## WORK ITEM
Would you please return the data below verbatim, without its pictures?

## EXERCISE DATA

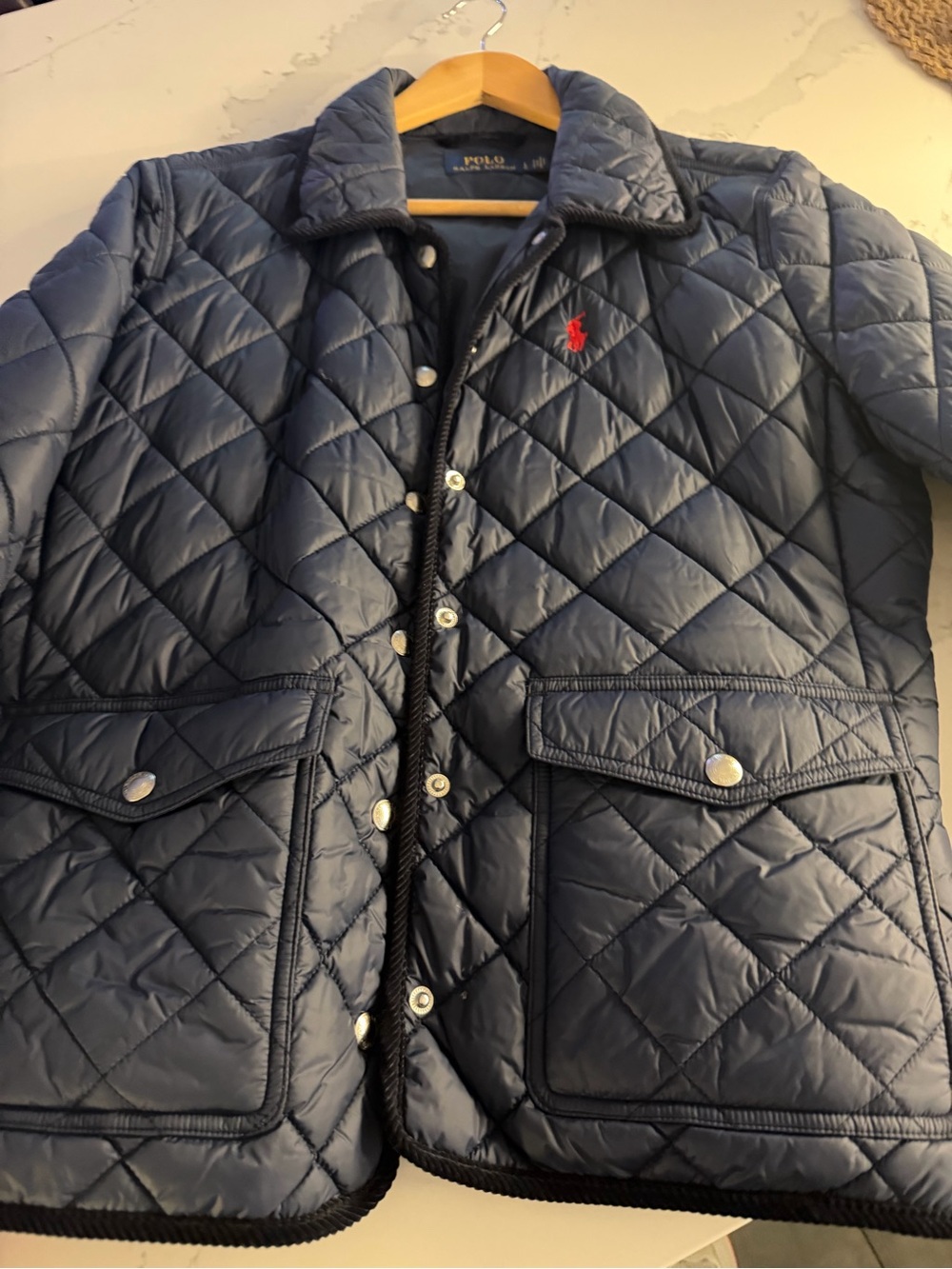 Ralph Lauren Navy Jacket with Logo Patch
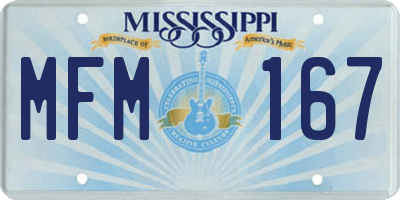 MS license plate MFM167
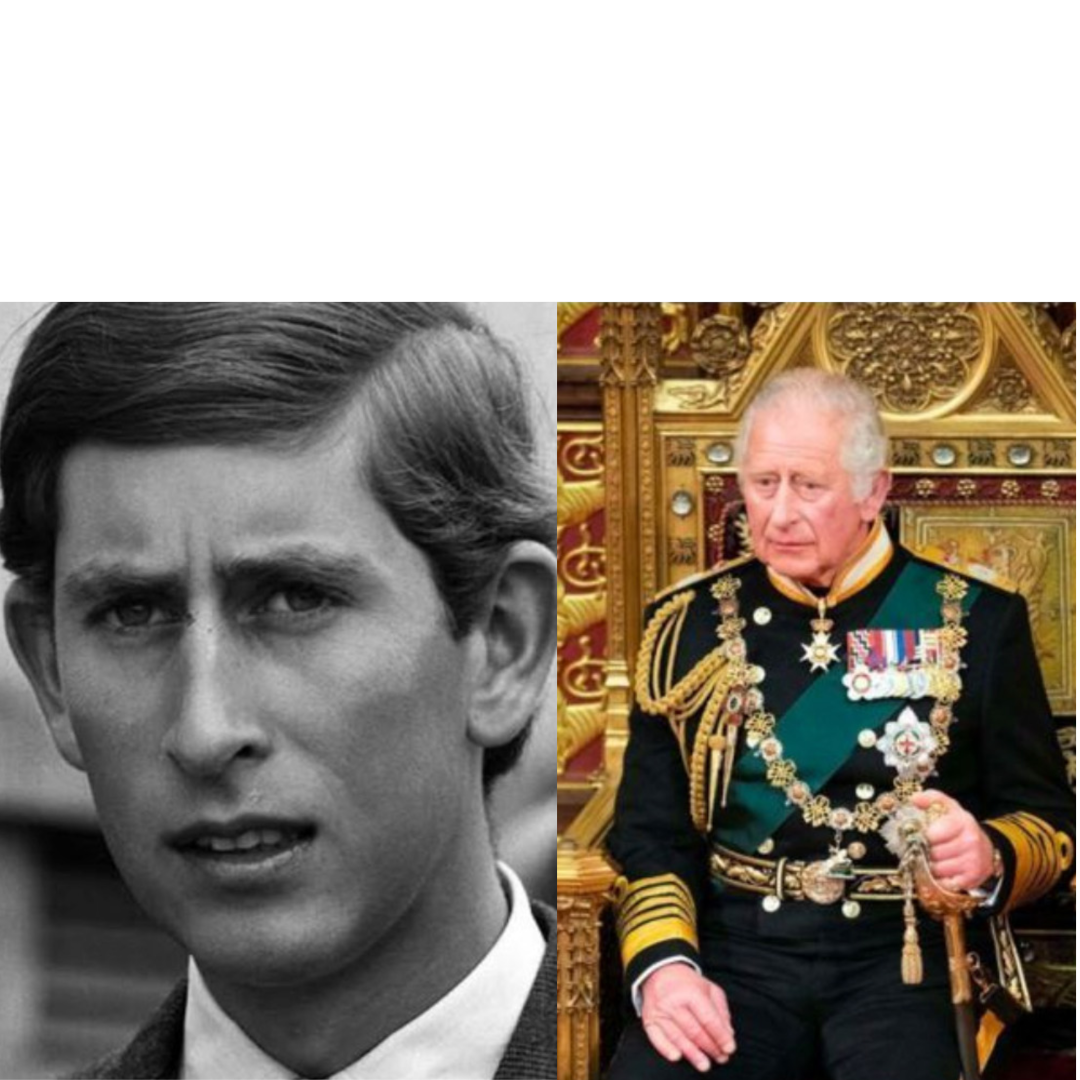 King Charles III Evolution Blank Meme Template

## COMPLETED TASK
 Ralph Lauren Navy Jacket with Logo Patch
 MS license plate MFM167
 King Charles III Evolution Blank Meme Template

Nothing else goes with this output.